伴奏の依頼でもない限り、僕が演奏するプログラムは殆ど僕自身で決めています。実のところリクエストなんかもほぼ受けていないですし、これからも滅多に受けることは無いでしょう。
あくまでも、自分が弾きたい"曲"、もっと言えば自分が弾きたい"コンサート・プログラム"を演奏するためにやっているという面が大きいので、そこに介入の余地を作りたくないと考えているのです。洋食のコース料理を準備するところで「ラーメン追加で!」というのは受け入れられないですし、それで全体のテーマまで打ち崩されるのを許容したくはないわけです。
開催時間内ならいつまでも好きなようにその場にいて、行ったり来たりしながらでも観賞を楽しめる展覧会とは異なり、演奏会は限られた時間(普通は長くても休憩込みで2時間以内くらい)で、演奏者のリードによって進行する、見方によっては窮屈なものであります。その窮屈な時間を充実させるために、そのプログラム内容の工夫を考えるのです。
どんな曲を選んで持ってきて、どのような順番に並べて、そこにどのような連関を見出だせるようにするか、コンサートが終わった時にどのような総括が残るようにするか…「そんなこと気にせんでも」と言われるかもしれませんが、弾けるものをとにかくあるだけ引っ張ってきただけに見えるような演奏は少なくともやりたくないのです。
さて、そのようなことをしようとした時に思い当たることがあります。
自分で曲をいくつか選んで並べ、とあるコンサートのプログラムを構成したとしましょう。演奏する曲目が決まりますね。
その時、選ばれなかった曲は弾かれないのです。
…何を当たり前のことを、とお思いになるでしょう。選曲において選ばれた曲は演奏され、選ばれなかった曲は演奏されない…それはその通りです。
では、何故その曲が選ばれ、他の曲は選ばれなかったのでしょうか。何を見て、何を基準にして、その判断を下したのでしょうか。
恐らく、その判断の時には意識的なり無意識的なり、自分自身による音楽作品への批評がはたらいていると思います。コンサートでこれを演奏したらどのような意味があるか、どのような効果があるか、どのような反応があるか…といったことを考えるのです。
そのためには自分なりにでも、その曲を演奏する意味や効果を分析して掴んでいなければならないでしょう。流石に何の意味も無いという作品はそうそう無いでしょうけれど、「それはちょっとなぁ…」とか「そうではないなぁ…」と思う部分に気付くこともあるかもしれません。
もちろん、作品自体に瑕疵があったり、プログラムとして不適合があったりするからと言って、それが必ずしも演奏しない理由や演奏を拒否する理由までにはならないと個人的には思います。

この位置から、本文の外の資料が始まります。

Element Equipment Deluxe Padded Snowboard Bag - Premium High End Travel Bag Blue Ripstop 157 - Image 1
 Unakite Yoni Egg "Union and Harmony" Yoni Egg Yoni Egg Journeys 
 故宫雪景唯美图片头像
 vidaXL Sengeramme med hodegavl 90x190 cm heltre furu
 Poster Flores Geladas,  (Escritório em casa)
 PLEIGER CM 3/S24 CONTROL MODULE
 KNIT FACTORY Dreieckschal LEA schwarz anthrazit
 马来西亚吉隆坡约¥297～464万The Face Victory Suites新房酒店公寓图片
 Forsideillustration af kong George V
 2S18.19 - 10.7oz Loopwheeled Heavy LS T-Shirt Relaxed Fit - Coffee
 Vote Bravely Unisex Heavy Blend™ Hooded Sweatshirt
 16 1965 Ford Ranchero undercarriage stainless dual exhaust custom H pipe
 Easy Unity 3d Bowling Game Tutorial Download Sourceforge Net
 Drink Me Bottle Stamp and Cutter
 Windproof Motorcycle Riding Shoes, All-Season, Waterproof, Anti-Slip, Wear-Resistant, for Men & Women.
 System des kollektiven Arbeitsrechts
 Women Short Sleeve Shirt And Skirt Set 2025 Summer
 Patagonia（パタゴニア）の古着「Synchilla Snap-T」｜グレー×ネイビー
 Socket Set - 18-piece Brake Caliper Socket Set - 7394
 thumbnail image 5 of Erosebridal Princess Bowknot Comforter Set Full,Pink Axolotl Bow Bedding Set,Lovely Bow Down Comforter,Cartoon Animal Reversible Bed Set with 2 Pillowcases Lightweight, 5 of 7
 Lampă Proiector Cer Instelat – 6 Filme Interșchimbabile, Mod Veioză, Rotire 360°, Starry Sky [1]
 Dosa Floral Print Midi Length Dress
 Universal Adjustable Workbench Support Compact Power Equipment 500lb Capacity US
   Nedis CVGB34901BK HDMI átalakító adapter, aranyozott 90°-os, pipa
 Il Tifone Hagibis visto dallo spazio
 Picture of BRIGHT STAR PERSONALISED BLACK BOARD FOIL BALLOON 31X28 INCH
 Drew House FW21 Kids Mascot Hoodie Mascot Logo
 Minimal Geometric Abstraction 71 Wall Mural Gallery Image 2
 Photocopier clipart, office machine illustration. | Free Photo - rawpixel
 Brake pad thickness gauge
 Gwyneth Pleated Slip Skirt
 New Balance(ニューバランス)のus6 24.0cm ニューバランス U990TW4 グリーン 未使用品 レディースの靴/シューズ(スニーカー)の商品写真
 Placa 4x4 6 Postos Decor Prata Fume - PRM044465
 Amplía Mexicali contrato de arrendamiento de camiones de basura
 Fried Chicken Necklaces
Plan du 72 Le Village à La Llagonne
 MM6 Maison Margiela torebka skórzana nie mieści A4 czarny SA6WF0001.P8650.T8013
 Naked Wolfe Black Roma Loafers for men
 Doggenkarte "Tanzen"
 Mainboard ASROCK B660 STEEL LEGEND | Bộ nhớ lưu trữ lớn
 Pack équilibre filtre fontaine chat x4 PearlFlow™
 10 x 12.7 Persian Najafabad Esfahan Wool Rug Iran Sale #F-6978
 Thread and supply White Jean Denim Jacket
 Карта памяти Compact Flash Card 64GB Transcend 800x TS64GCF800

しかしその部分について意識的である必要はある気がしています。
ちょっと可笑しい話がありまして、僕が大学在学当時、ピアノ科の試験では自身の演奏曲目を口頭で述べてから弾くというルールがありました。先生方も「そんなことしなくていいのに…」などと漏らしていたのですが、どうやら自分がどのような曲目を弾くのかすらよくわからないまま弾く学生がいるからという理由でそのようなルールが作られたそうです。
そんな冗談みたいなことが本当に現実にあるか?と当時は思ったものですが、自らの弾く曲が何かわからないなどという学生はいなかったとしても、その曲目が一体どのようなものなのかを意識させ、その15分~30分程度の一舞台についての自覚を宣誓させるという意味では、あながち下らないルールではなかったのではないかとも思います。先生から指示された通りに従っただけの選曲であるか、それとも自身の意思で一つの意志・目的を貫こうとする選曲であるかによって、その確信の度合いは異なってくるでしょう。
クソデカ主語で断言することは避けますが、口には出さないまでも、程度の差もあれど、意識的か無意識的かも両方あるにせよ、何かの曲を選んで演奏しようという時に、その人はその曲についての批評を自分の中で行っていると考えています。批評を本当に全く無しにそれを演奏するとすれば、そこにあるのは前述のような「自分の意思ではなくそう指示されたからわからないまま演奏した」ではないでしょうか。
このことは僕自身にも戒めが必要なことであります。批評を商売にするというわけではなく、せめて自分の手元では意識的に批評していこうと思います。